* Records to use:
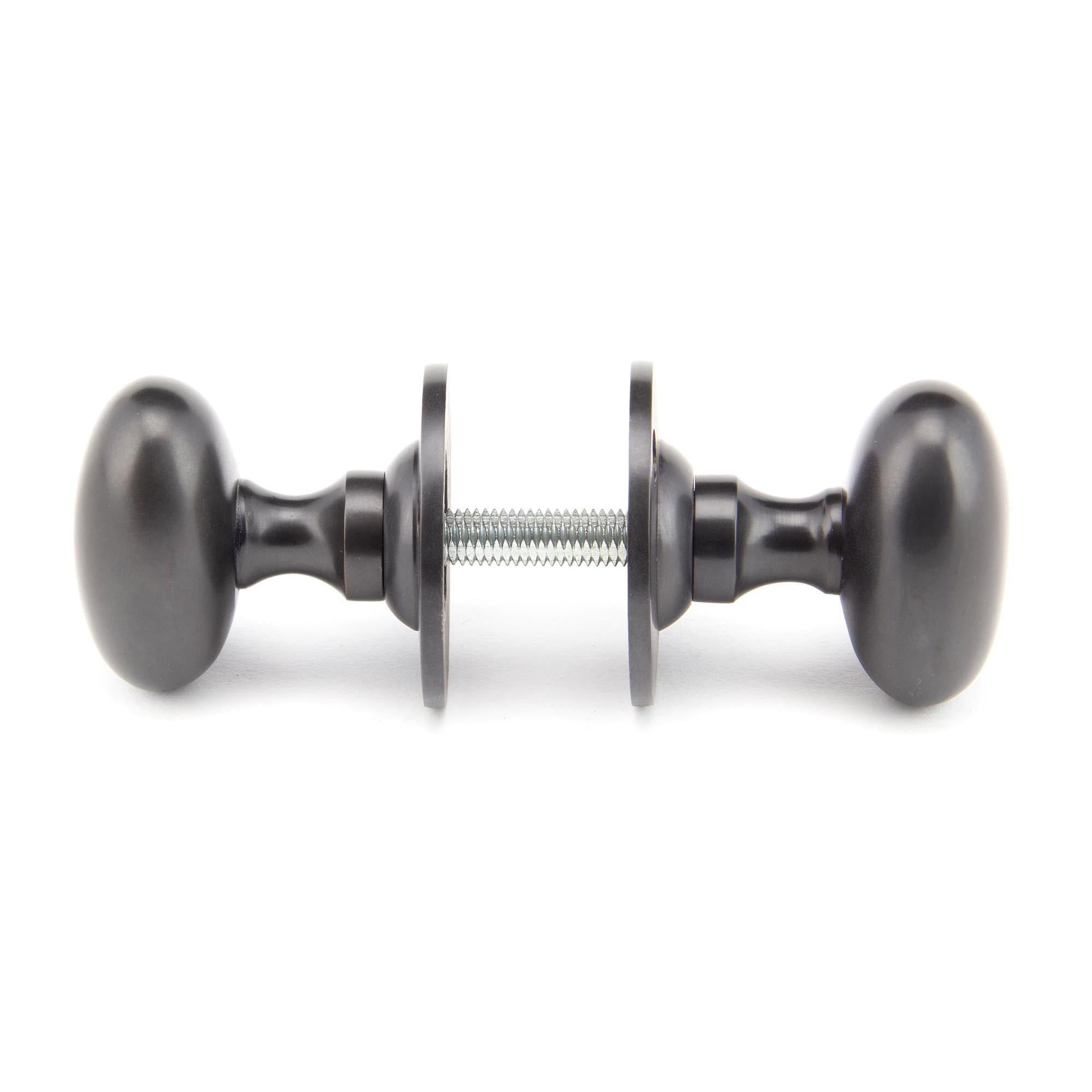 Aged Bronze Oval Mortice/Rim Knob Set | From The Anvil - Mortice Knobs - From The Anvil - Yester Home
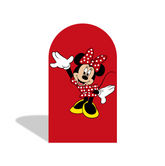 Red Minnie Baby Shower Birthday Party Arch Backdrop Wall Cloth Cover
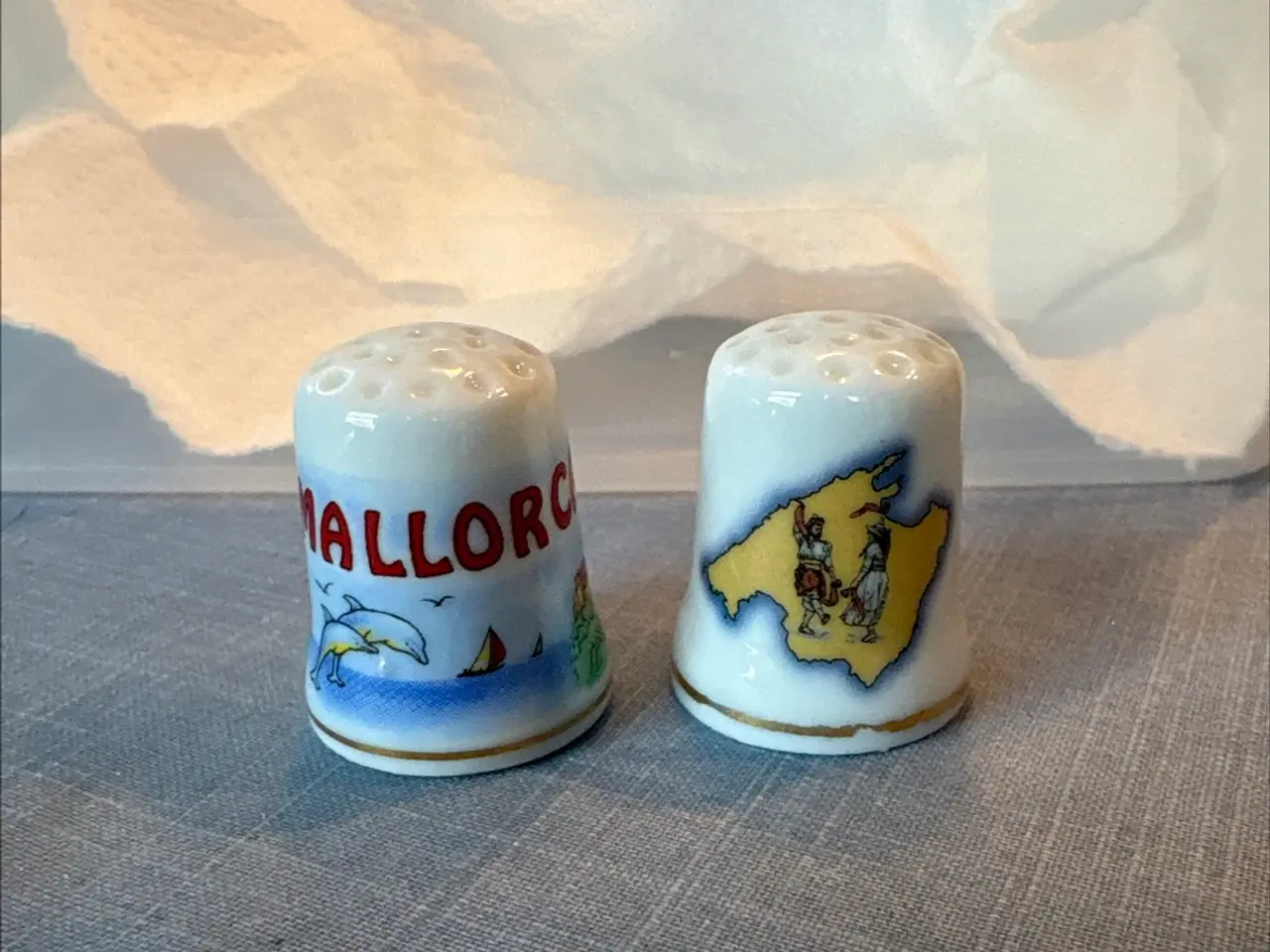 Billede 1 - Porcelæns fingerbøl souvenir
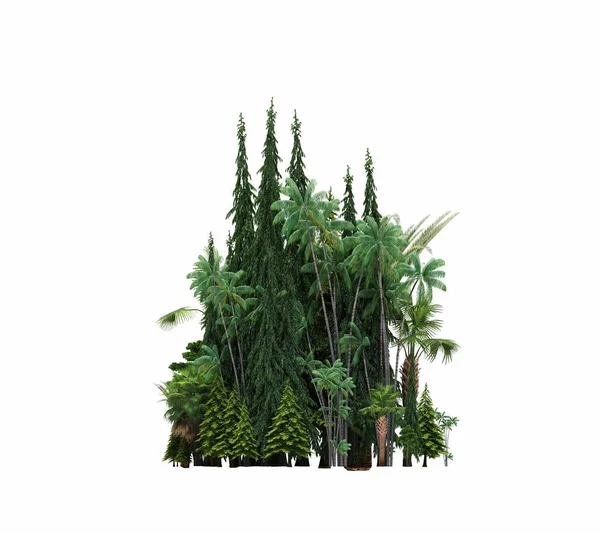 group of trees with a shadow on the ground, isolated on a white background, trees in the forest, 3D illustration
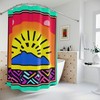 Modern Art Print Boho Sunrise Shower Curtain, Sunshine And Joyful Design For The Bathroom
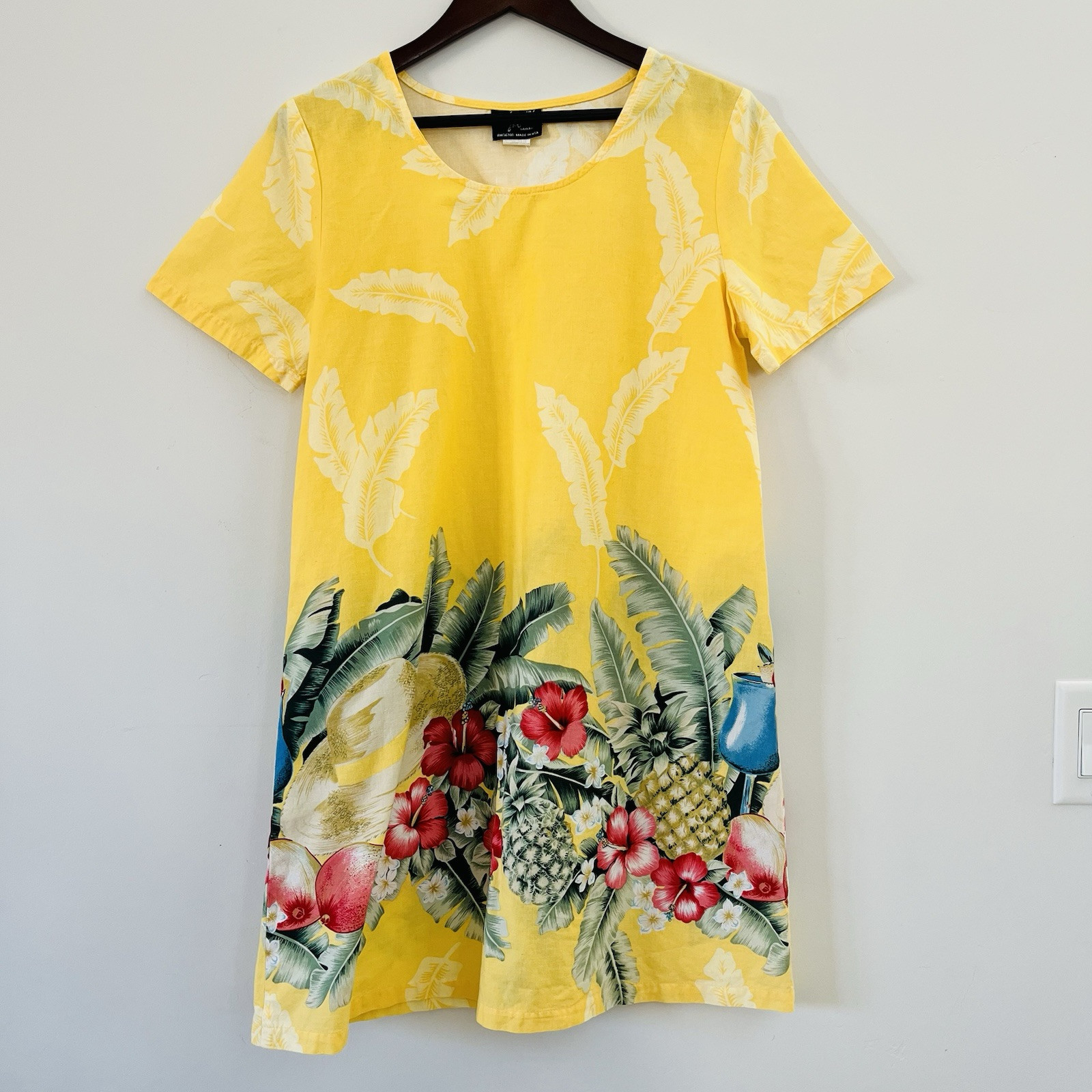 Vintage Shannon Marie Hawaiian | Vibrant Yellow Tropical Dress Medium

* Exercise prompt: Your copy of the entries should be exact and free of pictures.

* Exercise solution:
 Aged Bronze Oval Mortice/Rim Knob Set | From The Anvil - Mortice Knobs - From The Anvil - Yester Home
 Red Minnie Baby Shower Birthday Party Arch Backdrop Wall Cloth Cover
 Billede 1 - Porcelæns fingerbøl souvenir
 group of trees with a shadow on the ground, isolated on a white background, trees in the forest, 3D illustration
 Modern Art Print Boho Sunrise Shower Curtain, Sunshine And Joyful Design For The Bathroom
 Vintage Shannon Marie Hawaiian | Vibrant Yellow Tropical Dress Medium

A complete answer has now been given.